▶ _WORK REQUIRED_: With the pictures removed, write out the data below exactly.

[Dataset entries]

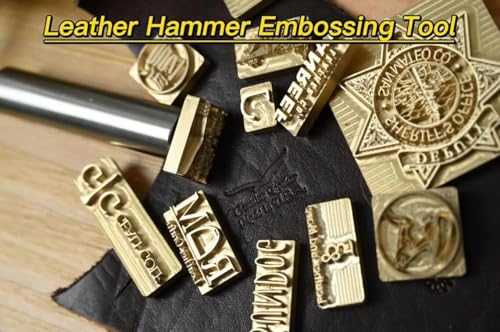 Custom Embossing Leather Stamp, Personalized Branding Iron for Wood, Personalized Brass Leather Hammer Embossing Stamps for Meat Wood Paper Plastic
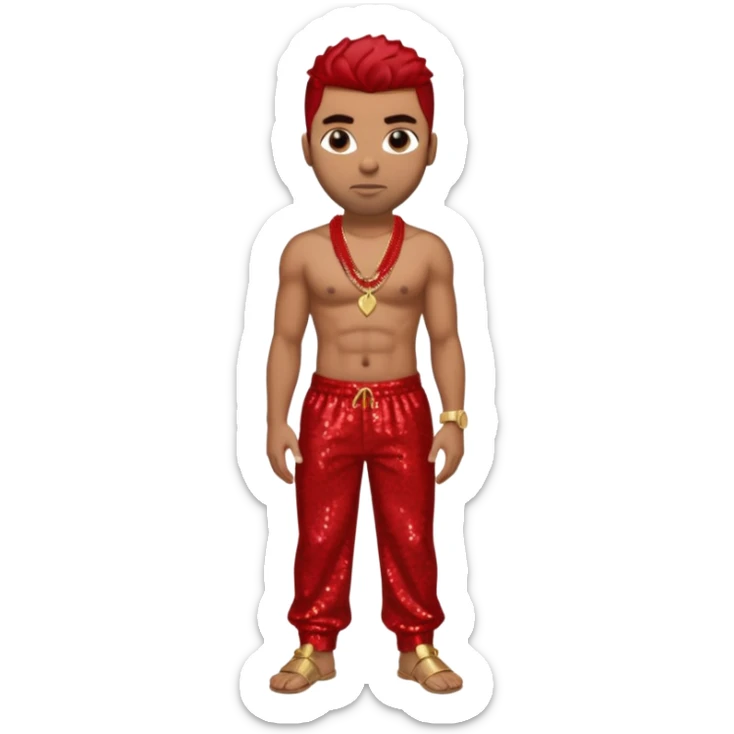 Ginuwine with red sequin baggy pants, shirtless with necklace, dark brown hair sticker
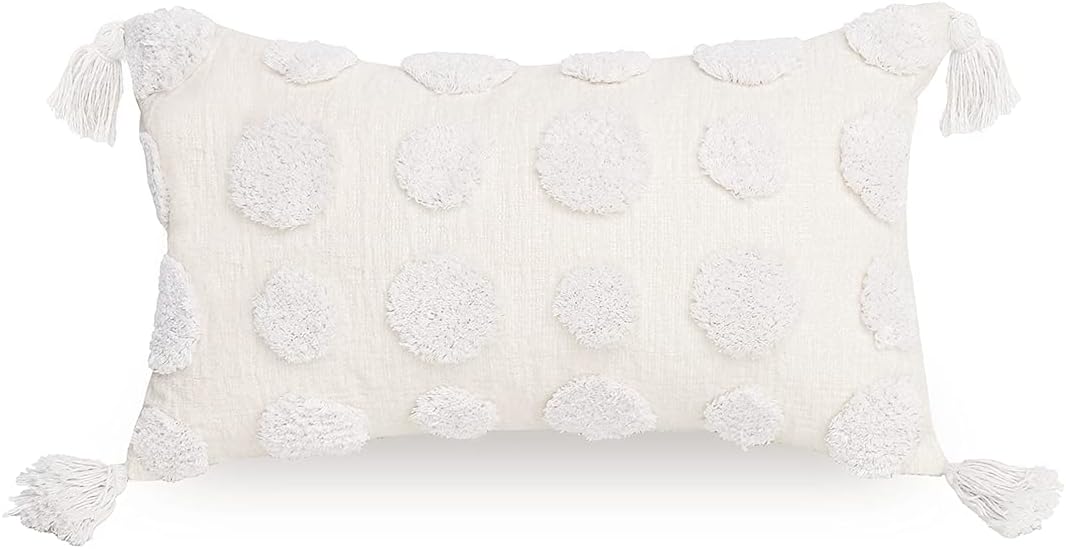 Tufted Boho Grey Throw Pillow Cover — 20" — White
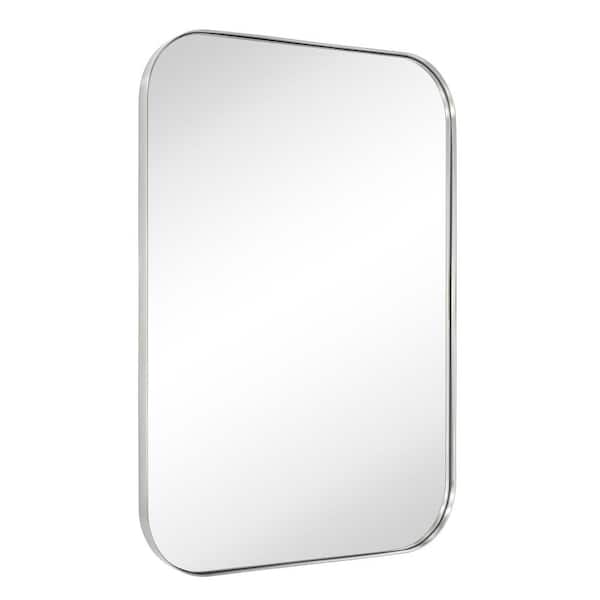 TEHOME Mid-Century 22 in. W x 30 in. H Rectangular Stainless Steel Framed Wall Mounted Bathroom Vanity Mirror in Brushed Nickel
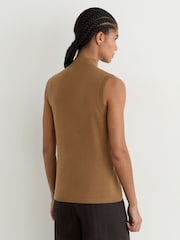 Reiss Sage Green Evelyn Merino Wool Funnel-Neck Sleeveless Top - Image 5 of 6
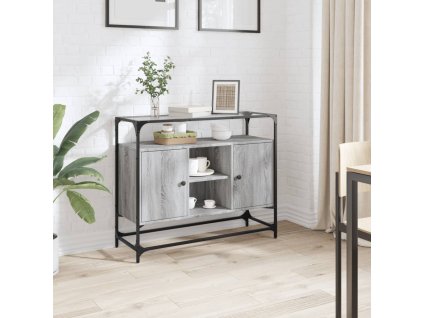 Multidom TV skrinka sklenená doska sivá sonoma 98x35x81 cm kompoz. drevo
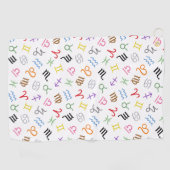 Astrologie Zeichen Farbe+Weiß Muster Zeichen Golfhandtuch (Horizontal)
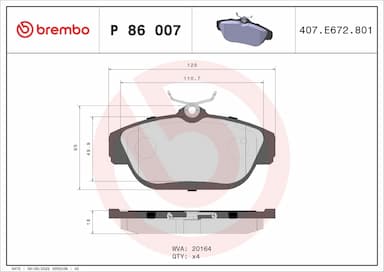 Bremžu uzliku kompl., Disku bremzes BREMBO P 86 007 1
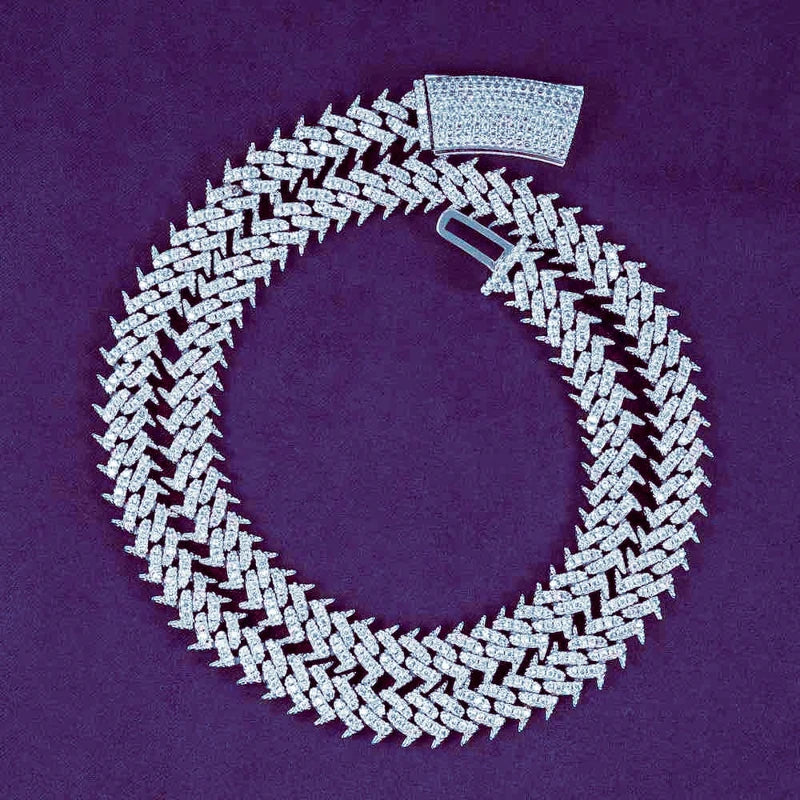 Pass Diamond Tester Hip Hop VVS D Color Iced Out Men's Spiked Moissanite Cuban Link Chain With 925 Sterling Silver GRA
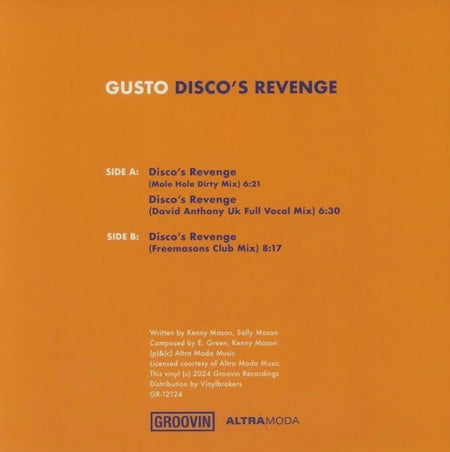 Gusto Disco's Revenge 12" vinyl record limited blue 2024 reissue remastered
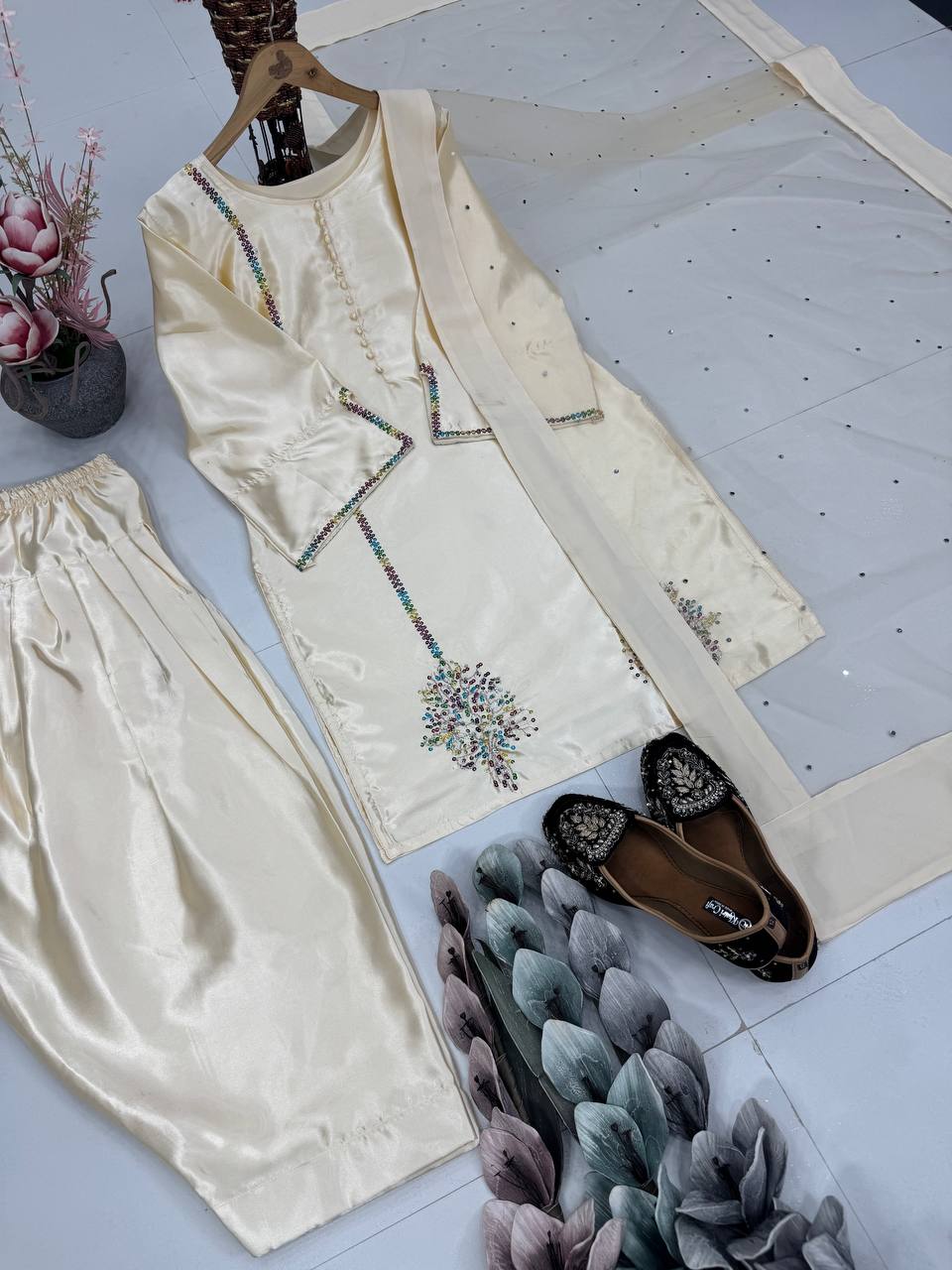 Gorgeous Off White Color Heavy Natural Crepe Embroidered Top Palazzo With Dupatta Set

▶ _RESULT_:
 Custom Embossing Leather Stamp, Personalized Branding Iron for Wood, Personalized Brass Leather Hammer Embossing Stamps for Meat Wood Paper Plastic
 Ginuwine with red sequin baggy pants, shirtless with necklace, dark brown hair sticker
 Tufted Boho Grey Throw Pillow Cover — 20" — White
 TEHOME Mid-Century 22 in. W x 30 in. H Rectangular Stainless Steel Framed Wall Mounted Bathroom Vanity Mirror in Brushed Nickel
 Reiss Sage Green Evelyn Merino Wool Funnel-Neck Sleeveless Top - Image 5 of 6
 Multidom TV skrinka sklenená doska sivá sonoma 98x35x81 cm kompoz. drevo
 Astrologie Zeichen Farbe+Weiß Muster Zeichen Golfhandtuch (Horizontal)
 Bremžu uzliku kompl., Disku bremzes BREMBO P 86 007 1
 Pass Diamond Tester Hip Hop VVS D Color Iced Out Men's Spiked Moissanite Cuban Link Chain With 925 Sterling Silver GRA
 Gusto Disco's Revenge 12" vinyl record limited blue 2024 reissue remastered
 Gorgeous Off White Color Heavy Natural Crepe Embroidered Top Palazzo With Dupatta Set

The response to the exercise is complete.